• TASK DESCRIPTION:
Each line of the listing below must be retyped exactly, with images left out.

= Beginning of Section =

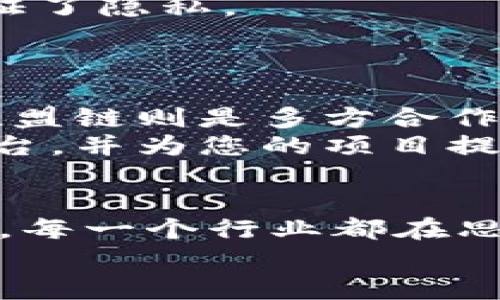区块链平台全景探索：现有平台的特点与功能解析
区块链, 区块链平台, 去中心化, 智能合约, 加密货币/guanjianci

引言：区块链技术的崛起
随着科技的飞速发展，区块链技术以其独特的去中心化特性和数据不可篡改性，迅速在全球范围内引起了广泛关注。它不仅是一种新兴的数据库技术，更为多个行业提供了创新的解决方案。尤其是在金融、供应链管理和数字身份验证等领域，区块链的应用逐渐深入人心。但在这样的背景下，现有的区块链平台也是多种多样，功能各异。那么，我们该如何选择合适的区块链平台？本文将带您深入探索现有的区块链平台及其特点。

区块链平台的分类及特点
根据功能和应用场景的不同，区块链平台通常可以被划分为几个主要类型：公有链、私有链和联盟链。每种类型的平台都拥有独特的特点及适用场景。

h4公有链：开放与透明/h4
公有链如比特币和以太坊是最为人所熟知的一类区块链。这些平台允许任何人参与验证和交易，其最大的特点在于透明性和去中心化。公有链不仅支持加密货币的交易，还提供了智能合约功能，为开发者创造了广阔的应用场景。以太坊，作为公有链的温床，赋予了开发者创建去中心化应用（dApps）的能力，使得各种创意得以实现。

= End of Section =

• EXPECTED OUTPUT:
区块链平台全景探索：现有平台的特点与功能解析
区块链, 区块链平台, 去中心化, 智能合约, 加密货币/guanjianci

引言：区块链技术的崛起
随着科技的飞速发展，区块链技术以其独特的去中心化特性和数据不可篡改性，迅速在全球范围内引起了广泛关注。它不仅是一种新兴的数据库技术，更为多个行业提供了创新的解决方案。尤其是在金融、供应链管理和数字身份验证等领域，区块链的应用逐渐深入人心。但在这样的背景下，现有的区块链平台也是多种多样，功能各异。那么，我们该如何选择合适的区块链平台？本文将带您深入探索现有的区块链平台及其特点。

区块链平台的分类及特点
根据功能和应用场景的不同，区块链平台通常可以被划分为几个主要类型：公有链、私有链和联盟链。每种类型的平台都拥有独特的特点及适用场景。

h4公有链：开放与透明/h4
公有链如比特币和以太坊是最为人所熟知的一类区块链。这些平台允许任何人参与验证和交易，其最大的特点在于透明性和去中心化。公有链不仅支持加密货币的交易，还提供了智能合约功能，为开发者创造了广阔的应用场景。以太坊，作为公有链的温床，赋予了开发者创建去中心化应用（dApps）的能力，使得各种创意得以实现。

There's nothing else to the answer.